IMPORTANT! Make absolutely sure there is no exposed metal, especially on the polyfuse, as this could cause a short in the compact space of the boiler. The heat shrink tubing should fully cover all the soldered joints.


Adding insulating tape
  • If you have some electrical insulating tape, cut a 5 cm piece and lay the red wire attached to the poyfuse and black wire in this with a gap between them
  • Wrap the tape keeping the small gap in place


Completed assemblies with insulating tape

The insulating tape is not essential, but does give extra protection to the soldered joins and protects the PP3 type battery wire from wear as it is removed to change the batteries.


Connecting the Loco Remote Mini B
  • Do not connect the battery yet
  • Connect the white power plug into the white socket - it is keyed and should only go one way with the red wire on the outer side
  • Connect the red LED wire to the pin marked 3V3 and the brown to the pin marked GND
  • Connect the 2 wires from the motor to the 2 pins on the edge of the board with the longer wire (see Wiring up the motor above) plugged onto the inner pin closer to the white socket so that Ant goes in the correct direction - if you get this wrong you can always swap the wires round later


Motor and controller check

IMPORTANT! Only use 4 x AA NiMH rechargeable batteries.
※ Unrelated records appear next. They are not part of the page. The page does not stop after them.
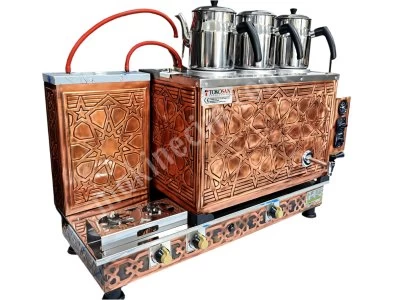 Tokosan Full Otomatik 3 Demlik Bakır Kahveci Çay Kazanı
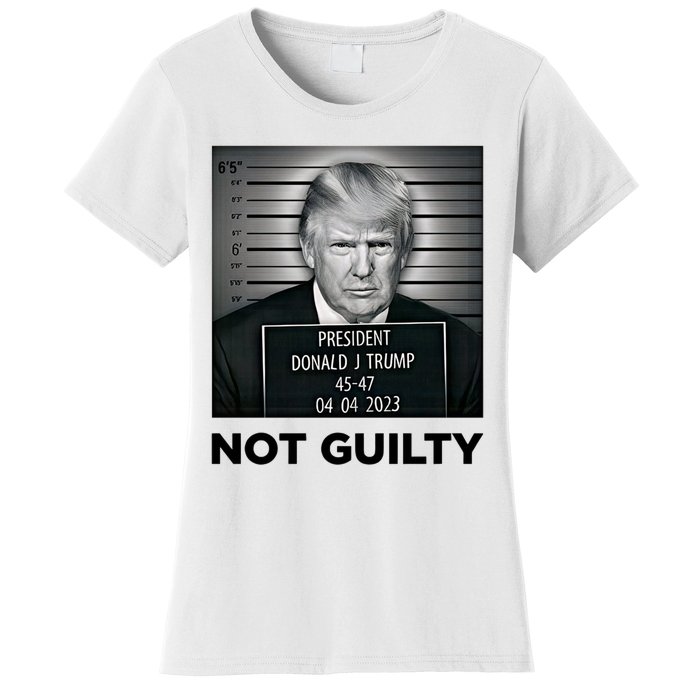 Trump Mug Shot Donald Trump Not Guilty Pro Trump Supporter Women's T-Shirt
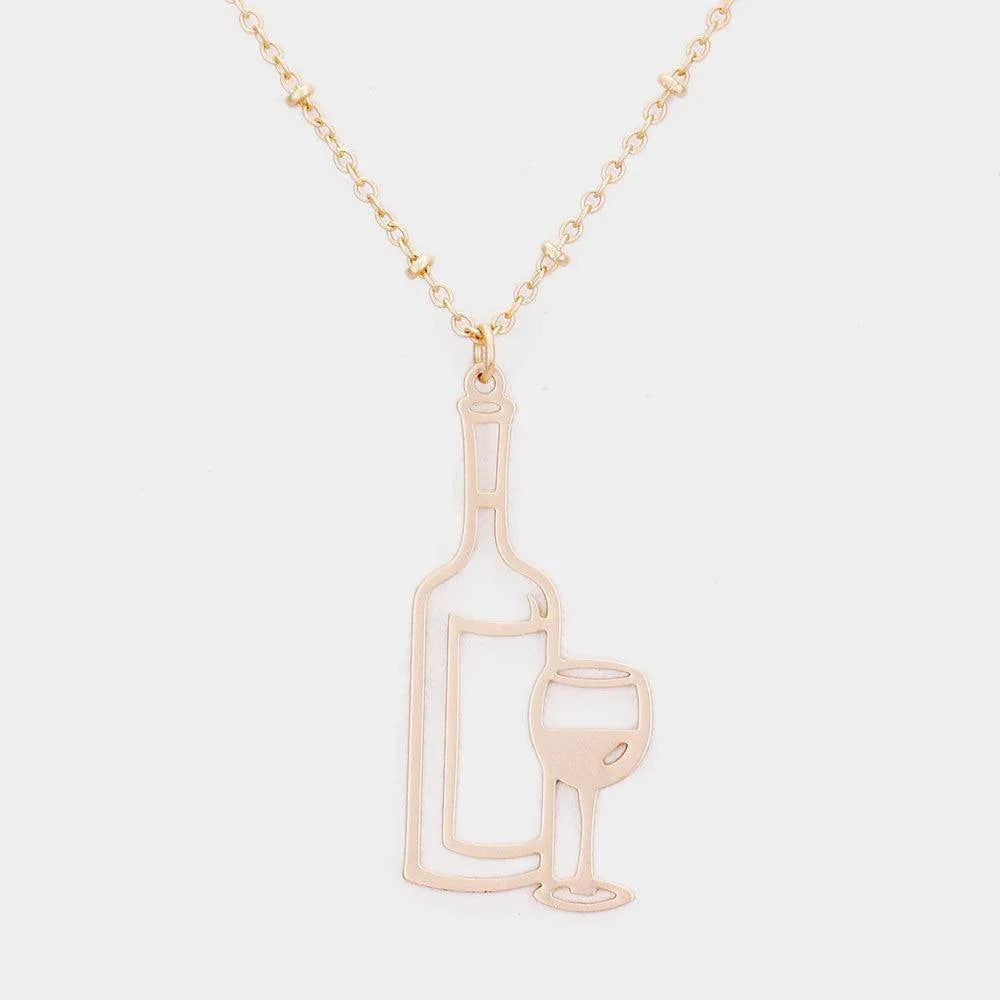 Gold Wine Glasses Pendant Necklace - Jewelry Store by Erik Rayo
Do not use Alkaline as their voltage may be too high and definitely do NOT connect a 9V PP3 battery even though it has the same clips as this will destroy the Mini B. Please download and read the setup guides from the links below before proceeding further, especially if you have not used a Loco Remote before. Check everything works by connecting 4 AA NiMH batteries and turning the switch on. A new motor will probably start to rotate when the speed is around 20% to overcome the initial resistance. Once moving you can slow it down to around 10% and it will just rotate. The Mini B has already had it's 'Shutdown on low battery' preset to off since you are not using a lipo.

The LED will flicker orange. If it does not you have probably connected the red and brown wires the wrong way round to the LED.

Assembling Ant



Starting the kit

The kit incudes a number of very small parts. Empty the bags into a plastic tub so you do not lose any while checking them. Polystyrene cement is a suitable glue for the plastic parts.
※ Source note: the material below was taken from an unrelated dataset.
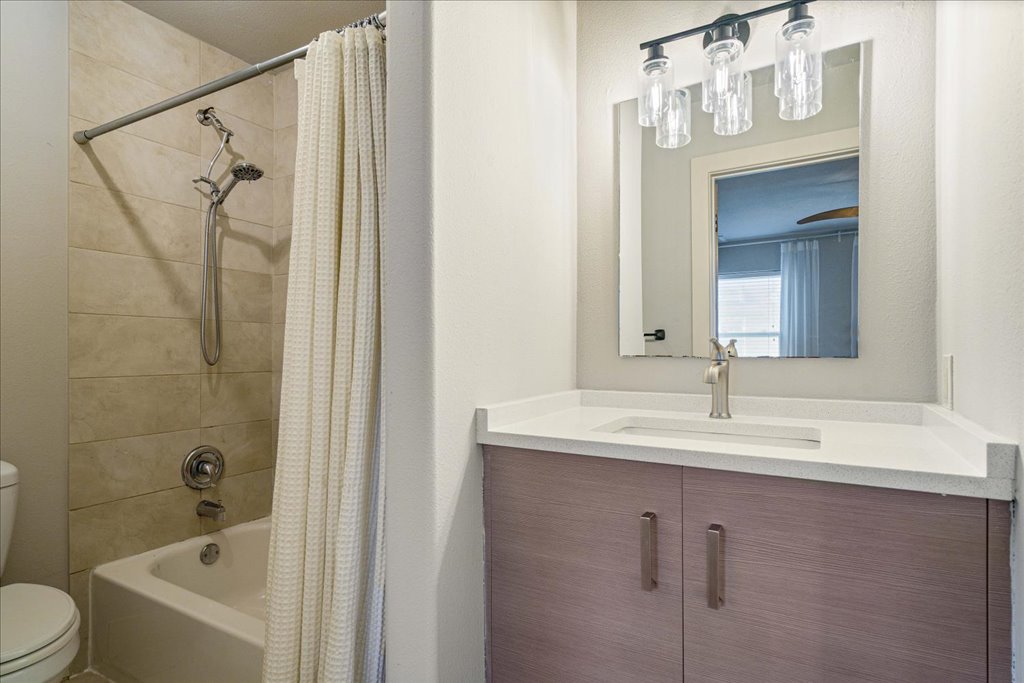 1101 Grove Boulevard, Unit 203 Austin, TX 78741 - Photo 17 of 27 a bathroom with a sink a toilet and shower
Many parts are designed to be a very tight friction fit and do not need to be glued. Check the fitting of each part as you go along and gently use a needle file and wet and dry paper to open any parts that are too tight to fit. Do not force parts and take your time!


Painting and adding details

Read right through the assembly instructions to decide what painting and other detailing you would like to add to the model before you start. Google "Laxey Mine Railway" to find many photos of Ant and Bee. Since the parts are printed in various colours, the minimum suggested painting is brass on the chimney top, dome cover and pressure gauge. Use a hole punch to punch a circular white piece of paper for the gauge face.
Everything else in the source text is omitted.